The towpaths here are wide, smooth and well made, in contrast to those from Aldridge to Rushall Junction, which are unusable in winter, or those through Pelsall to Goscote. The money spend here will be an unneeded waste.

Breathtaking folly.

October 28th – Last commute by train for a while hopefully, and the morning wasn’t the wet one predicted – in fact, it was warm, and although damp from the previous night’s rain, it was a pleasant ride.

I stood and looked for my train, and noted a northbound one in the opposite direction. The trains haven’t been too bad of late and I remain fascinated by the exaggerated perspective and complexity of the lines, overhead wires and general machinery of the rail system.

Today wasn’t the worst weather, but it made me think about just how resilient these systems are – the engineering shouldn’t be underestimated.

January 21st – On a grey, depressing day, I stopped to check out the new magic bicycle symbols added to the footpath in Pleck just by the motorway Bridge on the Darlaston Road. I guess this is part of the commitment to safer cycling routes with the road improvement scheme here. It’s dismal.

A bit of tactile paving, blacktop some verges and a splurge of magic paint. A grim, shared use path hazardous for pedestrians and cyclists, along the front of a factory gates with little visibility.

The people who design and implement this rubbish aren’t cyclists. They aren’t thinking about cyclists. They’re ticking boxes on a form to satisfy a requirement.

This is why we can’t have nice things, people…

September 19th – There seems to be a lot of work going on with the local canals at the moment. At Walsall Wood, the embankment has be reinforced near the Black Cock Bridge, and near the Big House in Clayhanger, a month ago a pump appeared for a few days, and disturbance in the scrub showed work had been carried out surrounding the canal sluice drains there. Coming home down the canal from Aldridge, I noted that the sluice hear had been oiled, painted and digging had been going  on.

Wonder why the sudden rash of maintenance?

September 15th – I spent the afternoon in Droitwich. This piece of woeful, inexplicable cycling ‘infrastructure’ is precisely why we’ll never have nice things.

Do you think the designer gave any thought to cyclists going in the other direction?

(No, there isn’t a lane on the other side of the road; there isn’t even a pavement.)

June 22nd – Riding (unusually for me, it’s a long story) up the A460 through Rugeley, I spotted this bit of arsehattery masquerading as cycling infrastructure. This is a ‘mandatory’ cycle lane, as indicated by the solid white line.
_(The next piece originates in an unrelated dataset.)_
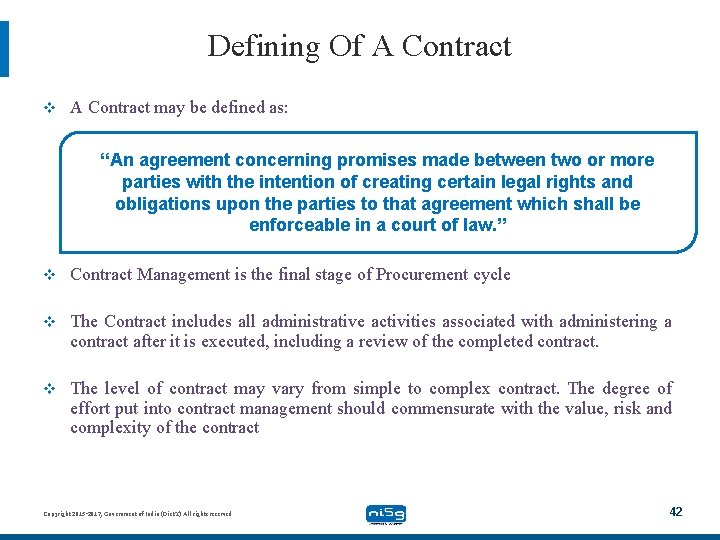 Defining Of A Contract v A Contract may be defined as: “An agreement concerning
Mandatory in this context means it doesn’t have to be used by the cyclist, but that traffic shouldn’t occupy it or park in it. 

So far so good.

So they run it close to an oblique parking bay, on the left. What could possibly go wrong? 

What’s wrong with this picture, kids? 

June 17th – At Spring Road station in Birmingham, I overheard to travellers discussing the white plates visible on the the edge of the opposite platform, down beside the track. They often baffle station users, and their usage is a bit obscure, really.

These are merely a datum survey marker for when the rails are replaced and the track relayed, which happens more often than one would imagine. Before the old track is moved, a surveyor uses a laser level or theodolite to measure the exact position of the rails, and their tilt angle if they have one. The rail height – plus any required offset – is set on the sliding knob, and is used as a datum for relaying new lines.

The legend proclaims this plate no 3; it’s 1105mm to the nearest rail, on the Up Main (UM) line. The cant (or tilt between the two rails to enable safer dynamic cornering of rolling stock) is 2mm.

The (just visible) +474 above the slider indicates that the level set is 474mm above the desired rail height (vertical offset) and a green knob says this is the level the rail should be at as it was designed, and may not currently be at that level. A red knob indicates the actual track position when the plate was installed.

Geometry like this is essential to rail engineers, who obsess over it. Maintaining correct geometry is of prime concern, prevents accidents and ensures trains fit under bridges, alongside platforms and don’t foul each other on bends.

You can often see these marker plates fixed to line side structures or electricity and signal masts.